The Comparison Table Hiding Inside the Chatbot

Most people assume the chatbot is a search bar with better manners. It’s closer to a buyer’s assistant that has already built the shortlist before the conversation starts. Ask it which cordless vacuum to buy and you no longer get ten blue links. You get a tidy table: three or four picks across the top, price and battery life down the side, and a short recommendation at the bottom.
That small format change rewired how everyday purchases get considered. And almost every assumption people still carry about it is a little bit off.
Myth: Shoppers Only Use Chatbots for Novelty Questions
The first wave of coverage framed AI assistants as toys. People asked them to write wedding toasts and name the dog. The purchase use case was supposedly years out.

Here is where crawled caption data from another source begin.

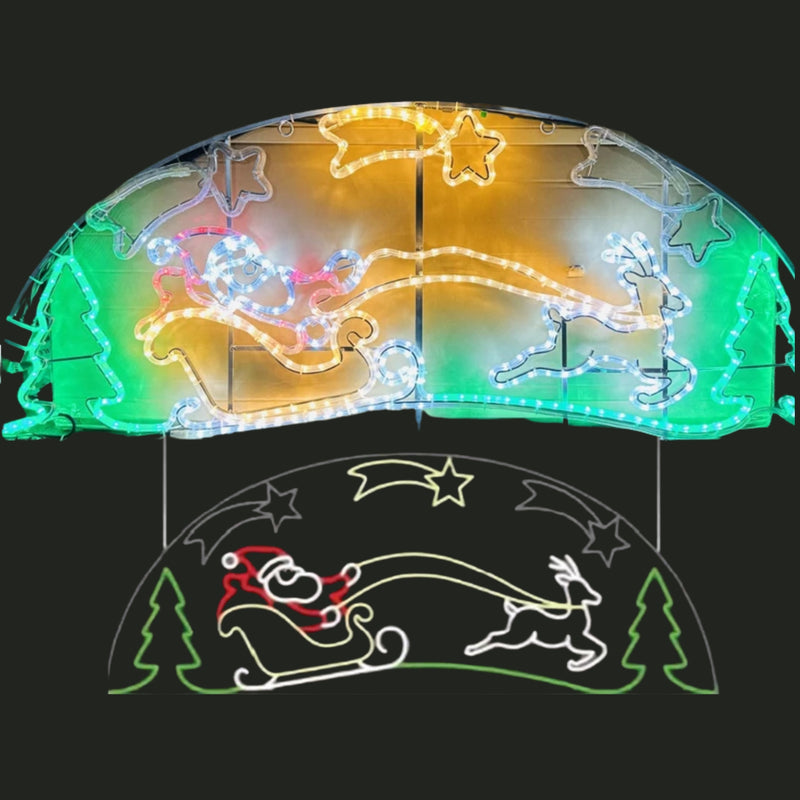 6ft Santa with Sleigh Reindeer and Shooting Stars Animated Christmas Neon Rope Light Display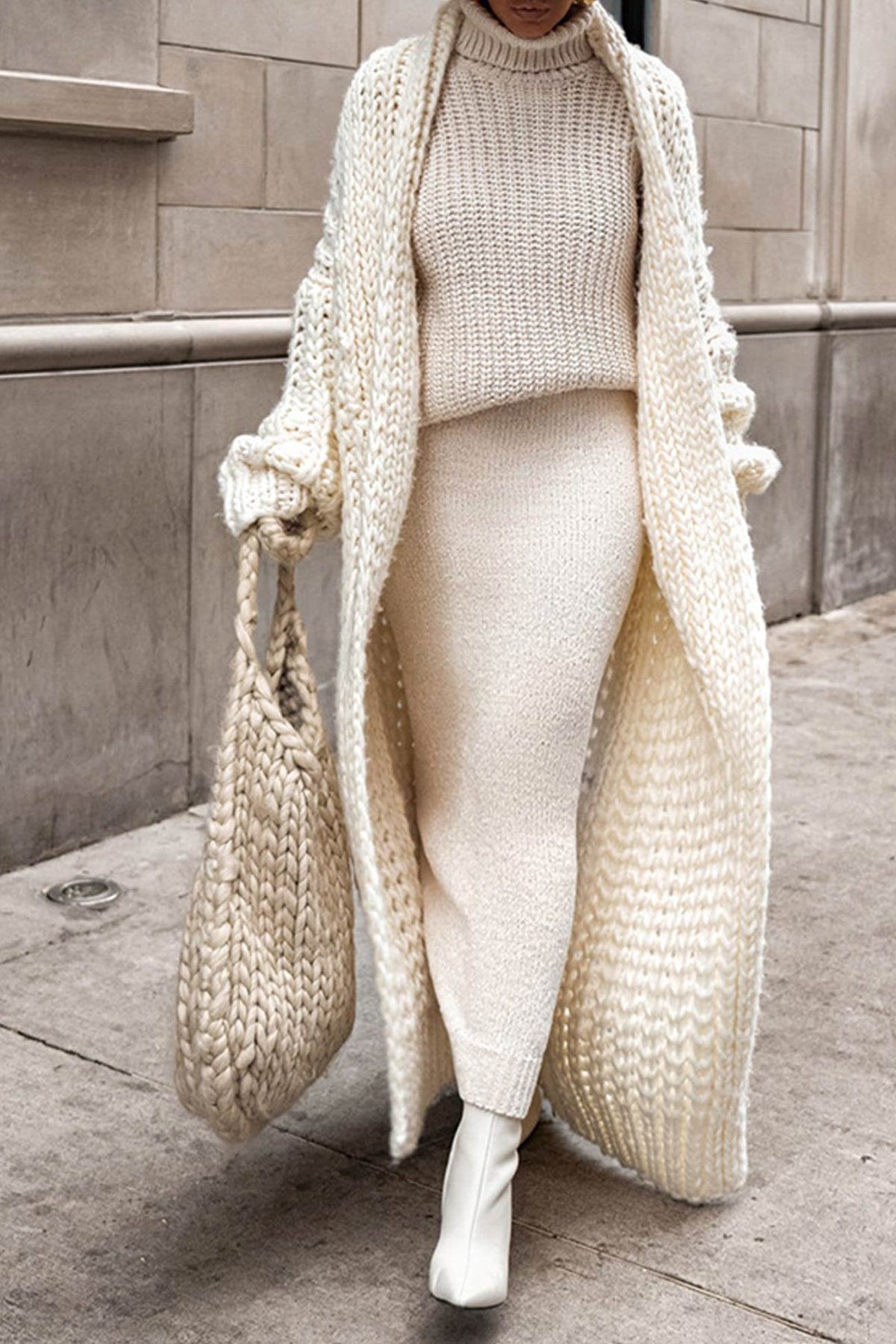 Women's Oversized Open-Front Chunky Knit Longline Cardigan
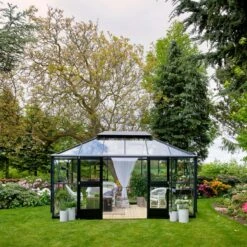 Serre Anthracite Grand Oase 13m² Aluminium Et Verre Trempé 3mm - Juliana -Jardin Serre Boutique serre anthracite grand oase 13m aluminium et verre trempe 3mm juliana 2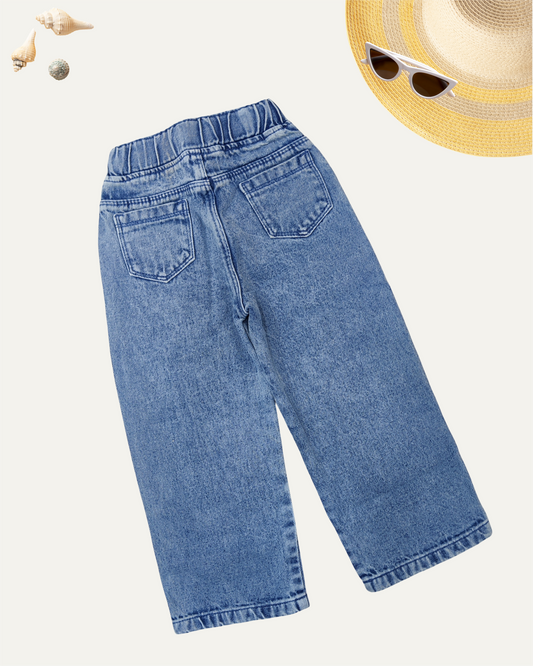 GIRLS LIGHT BLUE CARGO DENIM JEANS (0-12 YEARS)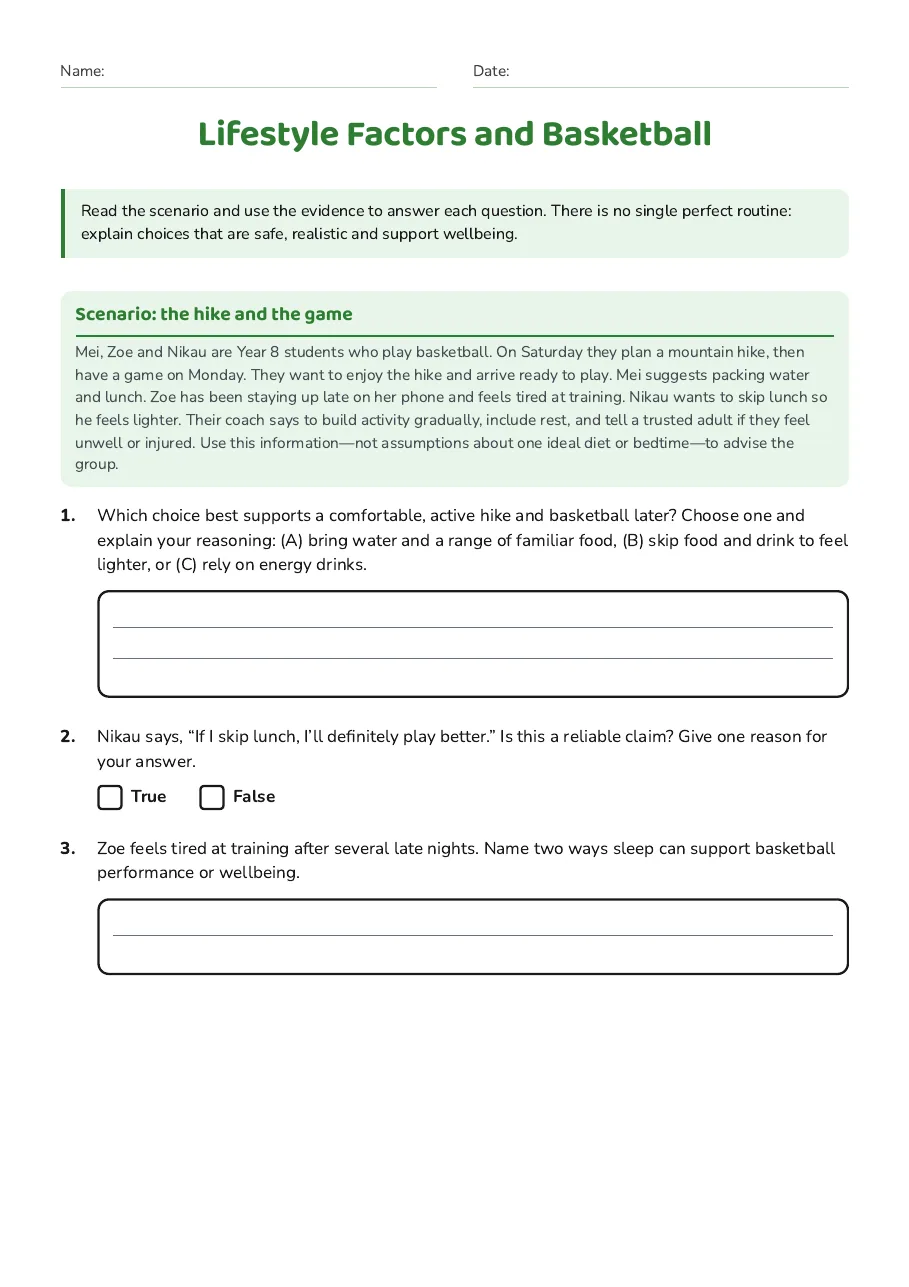 Lifestyle Factors and Basketball, page 1 of 3: Scenario: the hike and the game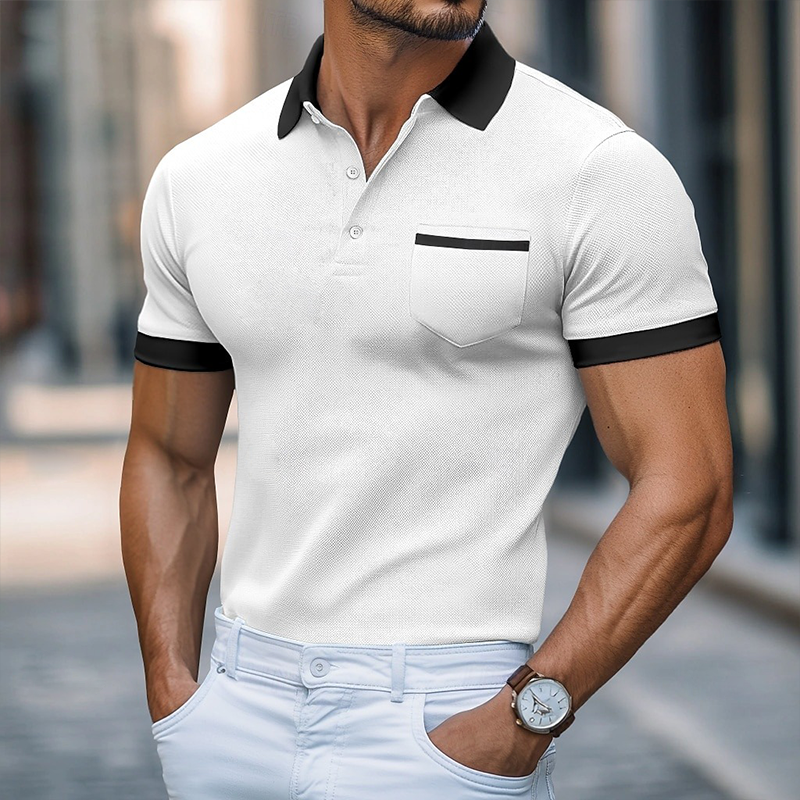 Herre retro casual fargeblokk kortermet poloskjorte MTA2311G4TO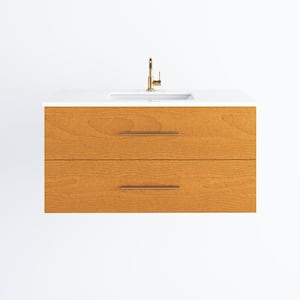 Napa 48" W x 22" D x 21-3/8" H Single Sink Bathroom Vanity Wall Mounted in Pacific Maple with White Quartz Countertop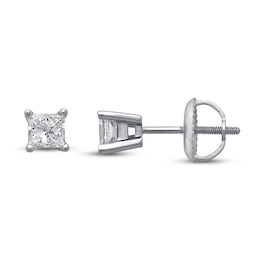Previously Owned Certified Diamond Princess-cut Solitaire Earrings 1/2 ct tw 18K White Gold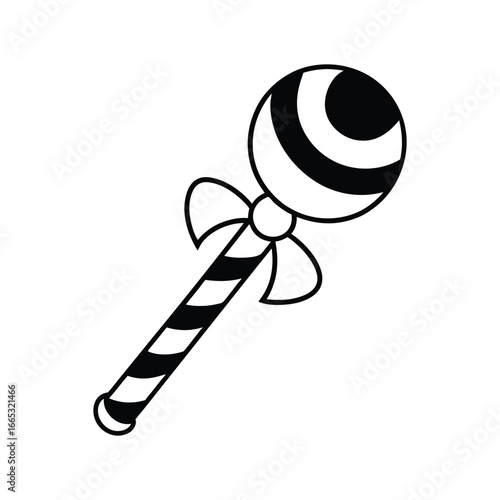 Christmas Candy Line Art Silhouette Vector on White Background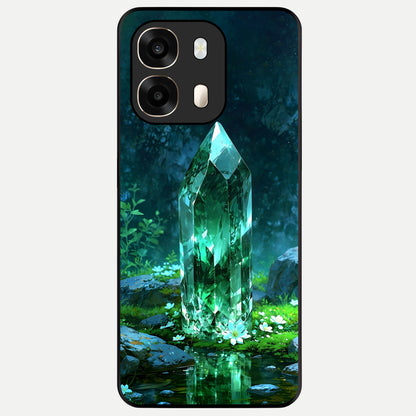  Emerald Light Crystal Glass Case For Oppo A6  back cover – full design glossy printed glass finish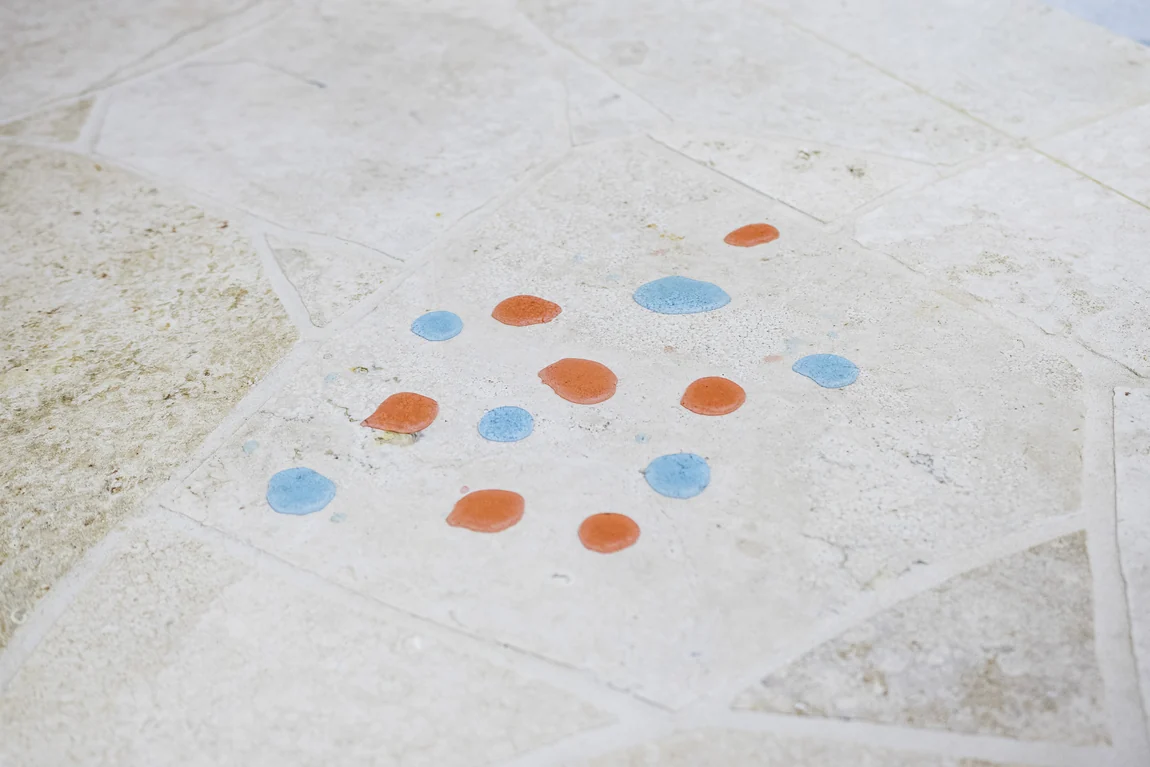 Water beading tightly on a sealed vitrified surface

The behavior has already shifted. That’s not a novelty number. It’s a mainstream input into the funnel, sitting alongside reviews, store visits, and recommendations from friends.
Brands that still treat chatbot answers as a side channel are the ones most likely to be absent from the table when the shortlist gets built. A capable SEO agency now treats visibility inside those answers as part of the same job as ranking in Google, not a separate experiment with its own budget line.
Myth: The Bot Just Repeats the Top Google Result
Plenty of marketers still believe that a product ranking well in classical search will show up in the chatbot’s answer by default. The output is doing something more specific than that.
Since OpenAI’s spring 2025 shopping update, ChatGPT answers for considered purchases arrive as side-by-side comparisons rather than a single hero link, scoring items on price, features, and best-use case. Qualitative research with shoppers has reinforced the pattern: people especially like being able to ask the table to be re-sorted or re-filtered on the fly, which no static buyer’s guide on a retailer page can do.
The implication for brands is unglamorous. You’re not optimizing to be the top answer. You’re optimizing to be one of the three or four columns, with the attributes the model will actually surface.
Myth: A Recommendation From the AI Is Neutral
The output reads like a disinterested friend doing homework for you. Remember that the model is a system with defaults, prompts, and training choices behind it.
A behavioral experiment on a GPT-4-powered shopping assistant found that about 36% of participants switched their product choice when researchers reversed the assistant’s steering direction, and they rated the steered product noticeably more attractive without noticing they’d been nudged. Shoppers should read the table the way they’d read a magazine’s "editor’s pick," not a lab result. Brands should pay attention to the attributes the model is scoring on, because small changes in how a product page describes itself can move which column it occupies.
Myth: Being in the Table Is the Same as Being Clicked
A lot of planning still assumes the goal is a visit. Get the user to click through, land them on the product page, convert them there. The chatbot shortlist has loosened that chain.
Plenty of users read the comparison, pick a winner, and go straight to a known retailer or marketplace to complete the purchase. The brand that "won" the table may never see a referral click. Measurement has to adapt or the channel will look like it’s doing nothing while it’s actually doing the selling. A few practical adjustments help:
- Track mentions, not just sessions. Monitor how your product is described inside AI answers for your core category prompts, not only what shows up in analytics.
- Audit the attributes. Check which specs and claims the chatbot picks up from your pages and which it pulls from third parties, then tighten the ones you control.
- Shore up corroboration. Independent reviews, press mentions, and structured data on your own site all feed what the model is willing to say about you.
What the Shortlist Actually Rewards
The common thread across these myths is simple: the chatbot is a shortlist builder, not a search engine with a chat interface stapled on. It reads from a wider pool of sources than a single search result page, formats the answer as a comparison before the user asks, and leaves the final click optional.
For shoppers, that’s mostly good. Faster research, less tab-juggling, a usable table in seconds. For brands, the competition has gone quieter. You’re no longer trying to win the page. You’re trying to earn a column.